Non-Functional Requirements

4. Back of the envelope estimates

  • Traffic (QPS):
    • Total Messages = 50 Billion / day.
    • Seconds in a day $\approx$ 86,400.
    • Average QPS = $50,000,000,000 / 86,400 \approx$ 580,000 requests/sec.
    • Peak QPS (e.g., New Year's) $\approx$ 3x Average $\approx$ 1.7 Million requests/sec.
  • Storage (Text):
    • Average message size $\approx$ 100 Bytes.
    • Daily Text Storage = 50 Billion $\times$ 100 Bytes = 5 TB / day.
    • Yearly Text Storage = 5 TB $\times$ 365 $\approx$ 1.8 PB (Petabytes).
    • Conclusion: We need a database that scales horizontally (Sharding).
  • Storage (Media):
    • Assume 10% of messages are media. Average size $\approx$ 200 KB.
    • Daily Media Storage = 5 Billion $\times$ 200 KB = 1 PB / day.
    • Conclusion: Media must use Object Storage (S3), not the database.
  • Bandwidth:
    • Ingress (Media) $\approx$ 1 PB / day $\approx$ 11.5 GB/sec. Massive bandwidth usage; requires a CDN.

Back-of-the-Envelope Estimation

5. API design

For real-time chat, HTTP is too slow because of header overhead and lack of server-push capability.

We will use WebSockets (or a persistent TCP protocol) to keep a connection open between the client and server.

1. Connect (WebSocket Handshake)

  • GET /ws/connect
  • Headers: Authorization: Bearer <token>
  • Response: 101 Switching Protocols (Connection Established).

2. Send Message (WebSocket Event)

  • Client sends:
{
  "type": "send_message",
  "data": {
    "to_user_id": "user-uuid-2",
    "content": "encrypted-blob",
    "type": "TEXT"
  }
}

3. Upload Media (REST Endpoint)

  • POST /v1/media
  • Request: Multipart file (image/video).
  • Response:

{  
  "media\_id": "media-uuid-99",  
  "url": "https://s3.region.amazonaws.com/bucket/media-uuid-99.jpg"  
}

4. Acknowledge Message (WebSocket Event)

  • Client sends:
{  
  "type": "ack",  
  "data": { "message\_id": "msg-123", "status": "DELIVERED" }  
}

6. High level architecture

We will decouple the layer that holds the connections from the layer that processes the logic.

Client $\rightarrow$ Load Balancer $\rightarrow$ Gateway Service $\rightarrow$ Message Service $\rightarrow$ Database

  1. Client: The mobile app. Maintains a local SQLite database for chat history and a persistent WebSocket connection to the server.
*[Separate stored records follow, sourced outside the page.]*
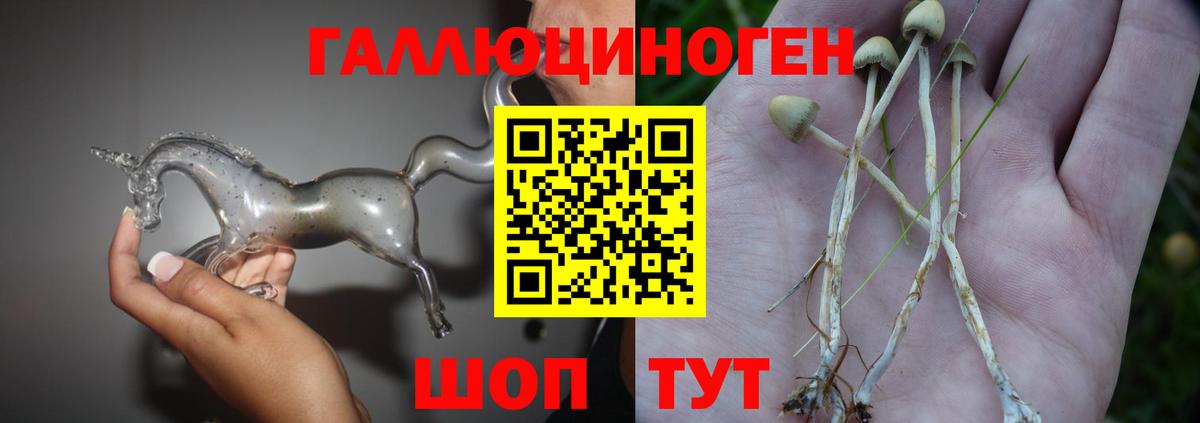 Галлюциногенные грибы прущие грибы  купить  сайты  Вход с VPN  Новоалександровск  Галлюциногенные грибы мухоморы 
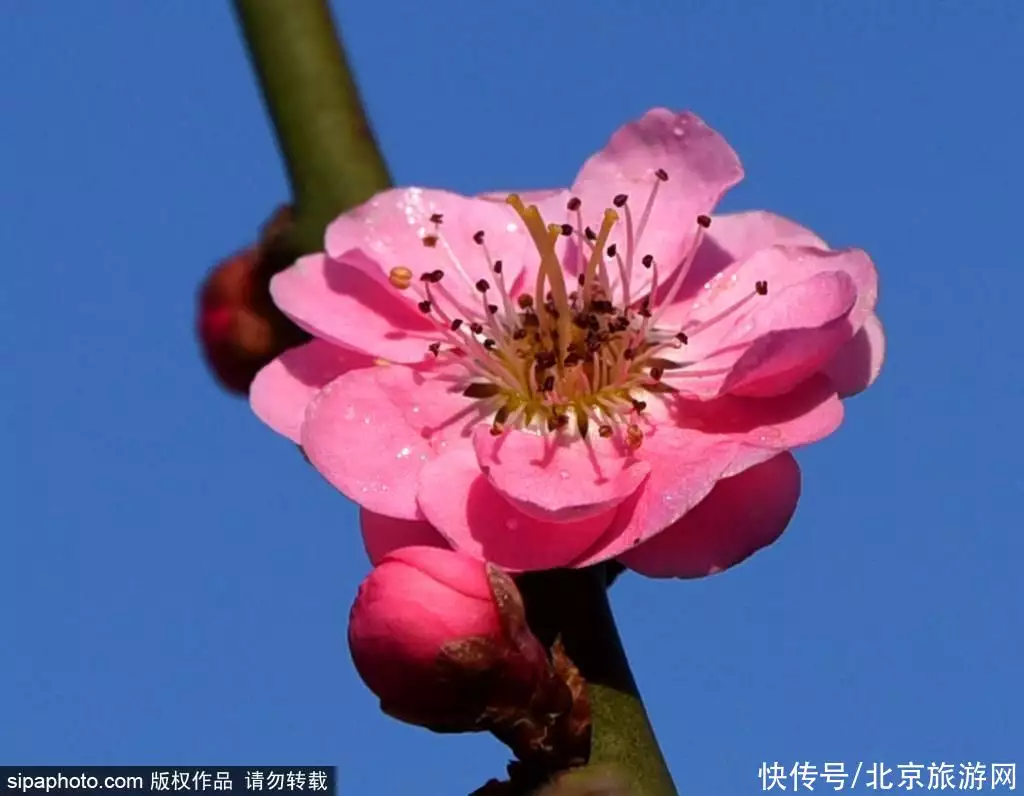 花的资料（桃花的所有资料[小学]） 第4张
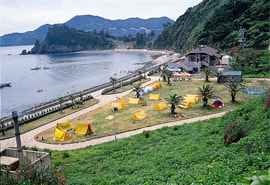 日崎海水浴場の写真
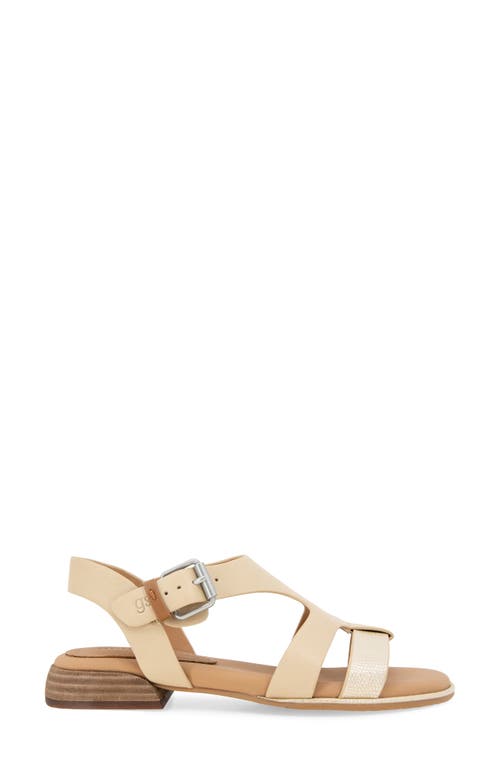Gentle Souls By Kenneth Cole Haisley Ankle Strap Sandal In Sand Leather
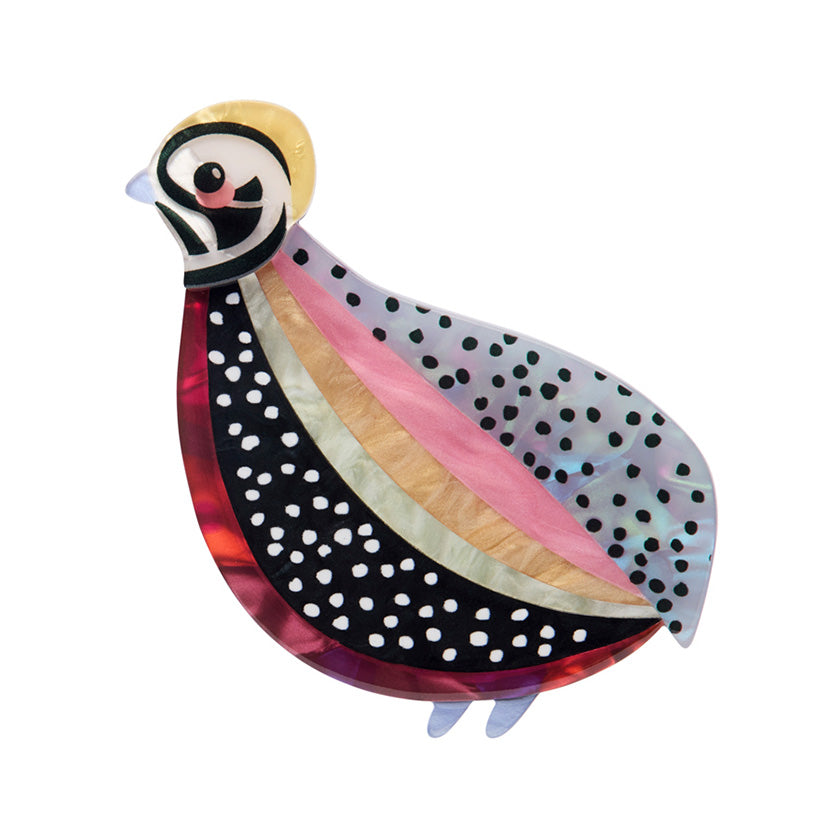 The Mysterious Montezuma Quail Brooch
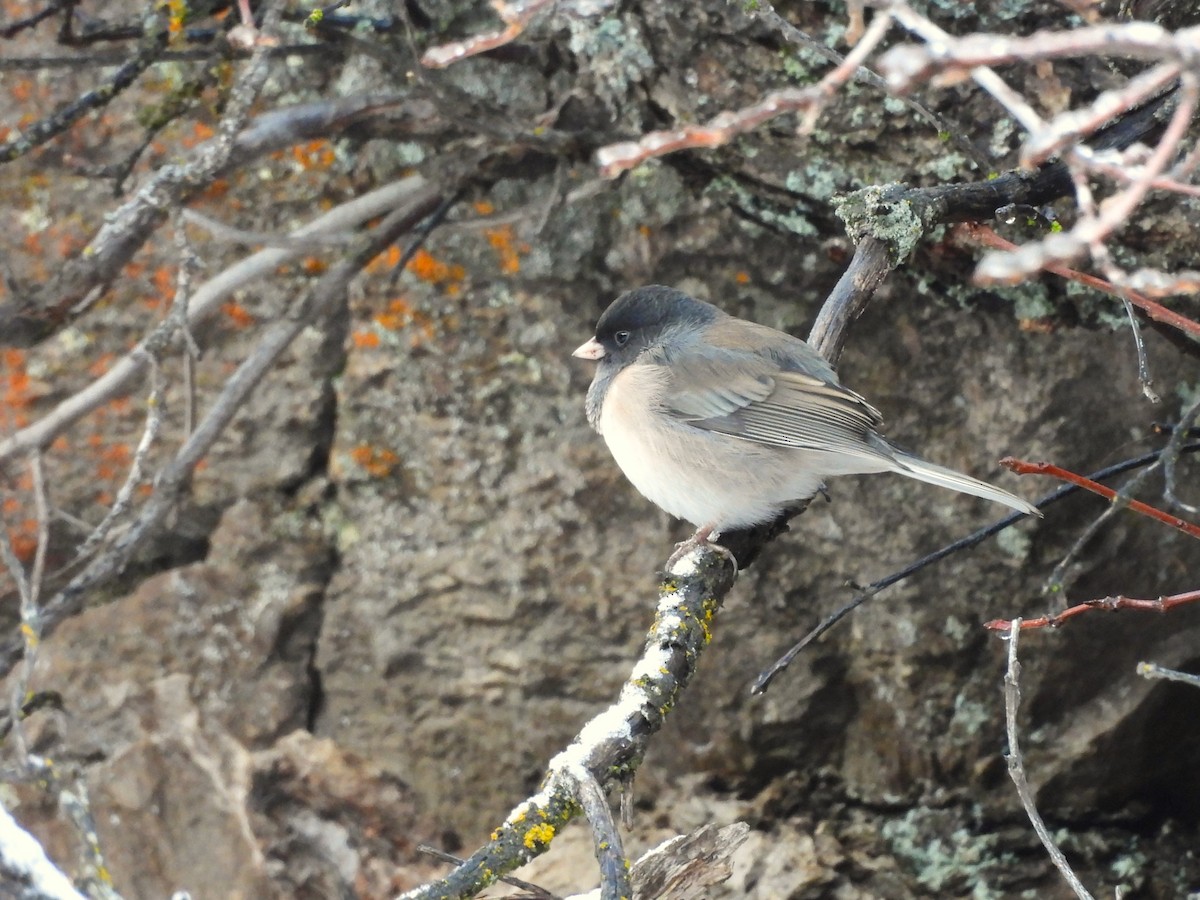 Dark-eyed Junco - ML647658553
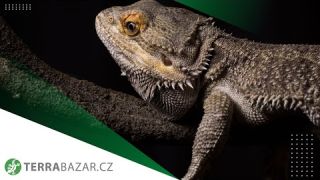 TERRABAZAR - Výstavní a prodejní teraristická burza v Praze s dlouholetou tradicí u metra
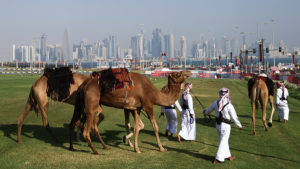 Camels are walked during the FIFA World Cup Qatar 2022 at on November 28, 2022 in Doha, Qatar.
  2. Load Balancer: Distributes millions of WebSocket connections across the Gateway servers.

  3. Gateway Service (Connection Holder):

    • A stateful server that holds the persistent TCP/WebSocket connection for users.
    • It maintains a map of UserID $\rightarrow$ Socket Connection.
    • It acts as a pipe: pushes data to clients and forwards requests to the Message Service.
  4. Session Cache (Redis): A global lookup that tells us "Which Gateway server is User B connected to?".

  5. Message Service: Stateless microservice. It handles message validation, persistence to the DB, and routing logic.

  6. Group Service: Manages group members and fan-out logic.

  7. Database (Cassandra): Stores chat history and offline message queues.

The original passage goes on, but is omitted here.